▸ Task requirements
Output nothing except the lines from the one containing "Dreieckige Pansotti auf" through the final line of the data, both included, typed exactly, minus the pictures.

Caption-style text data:

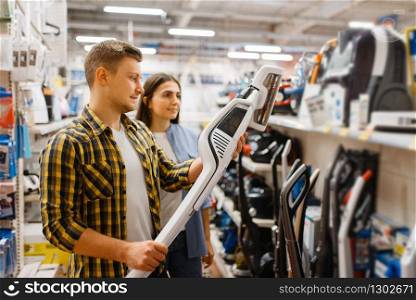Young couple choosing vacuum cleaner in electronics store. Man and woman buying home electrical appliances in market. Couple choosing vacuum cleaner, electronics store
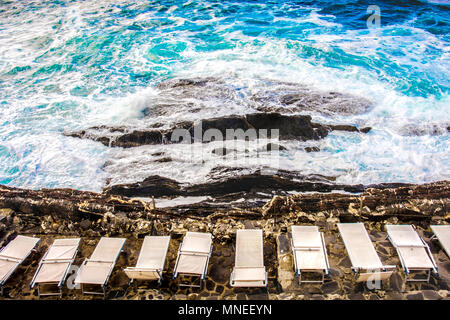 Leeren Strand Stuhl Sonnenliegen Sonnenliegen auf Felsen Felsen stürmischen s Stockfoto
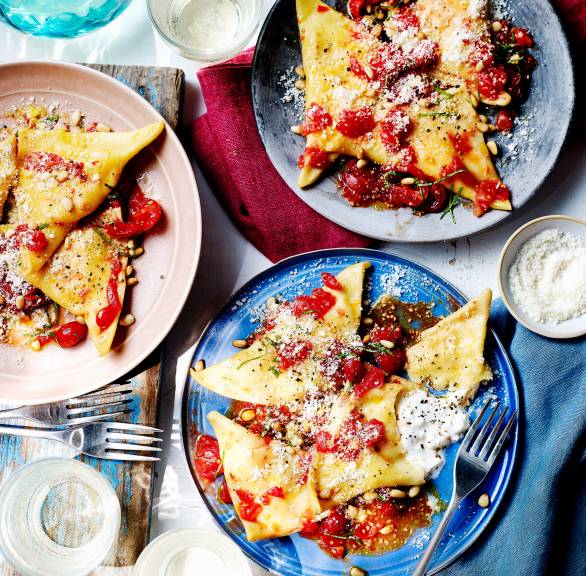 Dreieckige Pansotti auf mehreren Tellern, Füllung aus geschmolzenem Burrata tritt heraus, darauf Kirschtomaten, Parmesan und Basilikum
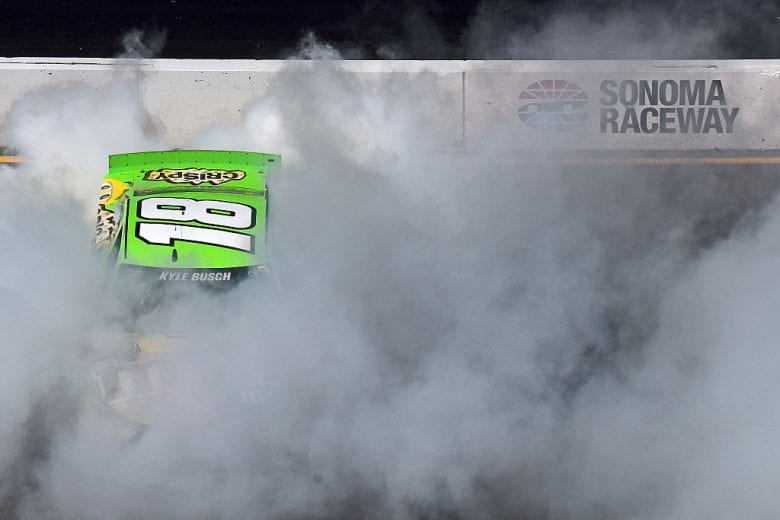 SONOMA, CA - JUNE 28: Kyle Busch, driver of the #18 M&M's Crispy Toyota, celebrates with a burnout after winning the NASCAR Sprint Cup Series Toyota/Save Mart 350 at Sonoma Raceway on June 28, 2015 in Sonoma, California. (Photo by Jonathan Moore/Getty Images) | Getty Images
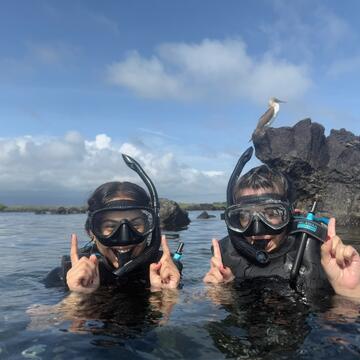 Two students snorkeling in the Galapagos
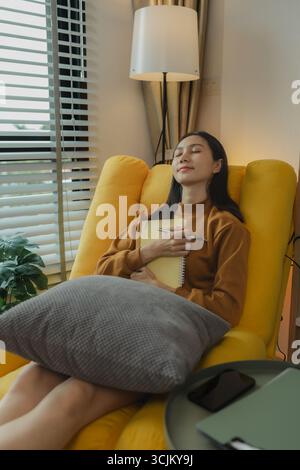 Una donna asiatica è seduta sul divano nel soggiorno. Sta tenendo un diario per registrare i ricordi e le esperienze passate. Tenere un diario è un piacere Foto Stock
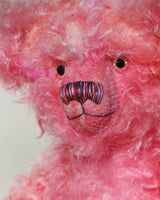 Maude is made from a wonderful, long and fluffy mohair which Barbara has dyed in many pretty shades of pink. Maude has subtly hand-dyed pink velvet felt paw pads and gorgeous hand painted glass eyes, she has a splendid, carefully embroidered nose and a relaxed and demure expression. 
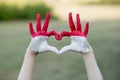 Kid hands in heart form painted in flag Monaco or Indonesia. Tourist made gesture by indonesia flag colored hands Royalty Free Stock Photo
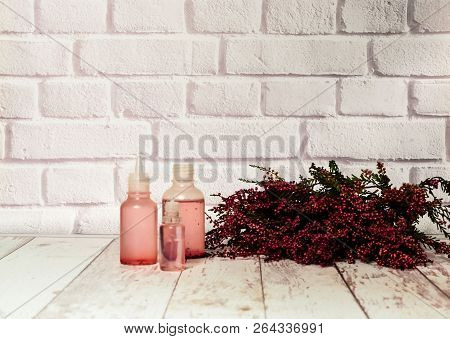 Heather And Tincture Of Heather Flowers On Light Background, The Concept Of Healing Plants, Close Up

▸ Task result
 Dreieckige Pansotti auf mehreren Tellern, Füllung aus geschmolzenem Burrata tritt heraus, darauf Kirschtomaten, Parmesan und Basilikum
 SONOMA, CA - JUNE 28: Kyle Busch, driver of the #18 M&M's Crispy Toyota, celebrates with a burnout after winning the NASCAR Sprint Cup Series Toyota/Save Mart 350 at Sonoma Raceway on June 28, 2015 in Sonoma, California. (Photo by Jonathan Moore/Getty Images) | Getty Images
 Two students snorkeling in the Galapagos
 Una donna asiatica è seduta sul divano nel soggiorno. Sta tenendo un diario per registrare i ricordi e le esperienze passate. Tenere un diario è un piacere Foto Stock
 Maude is made from a wonderful, long and fluffy mohair which Barbara has dyed in many pretty shades of pink. Maude has subtly hand-dyed pink velvet felt paw pads and gorgeous hand painted glass eyes, she has a splendid, carefully embroidered nose and a relaxed and demure expression. 
 Kid hands in heart form painted in flag Monaco or Indonesia. Tourist made gesture by indonesia flag colored hands Royalty Free Stock Photo
 Heather And Tincture Of Heather Flowers On Light Background, The Concept Of Healing Plants, Close Up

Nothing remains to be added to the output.